:: AVAILABLE DATA

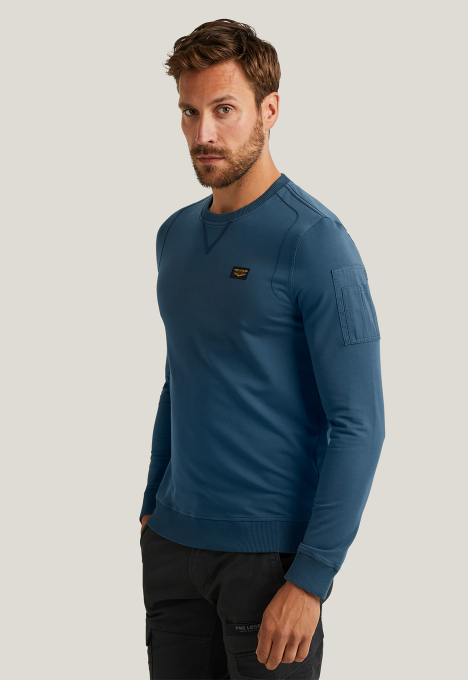 Airstrip Longsleeve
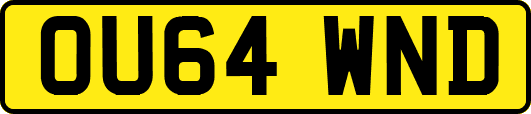 OU64WND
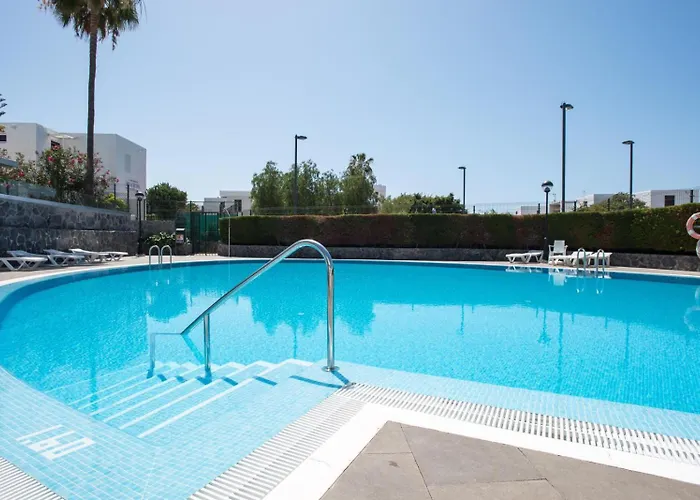 Precioso En El Centro De Americas A 100 Metros De La Playa Apartman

::::

[EXERCISE OBJECTIVE]
An exact transcription of the material is required, without any pictures.

[EXPECTED ANSWER]
 Airstrip Longsleeve
 OU64WND
 Precioso En El Centro De Americas A 100 Metros De La Playa Apartman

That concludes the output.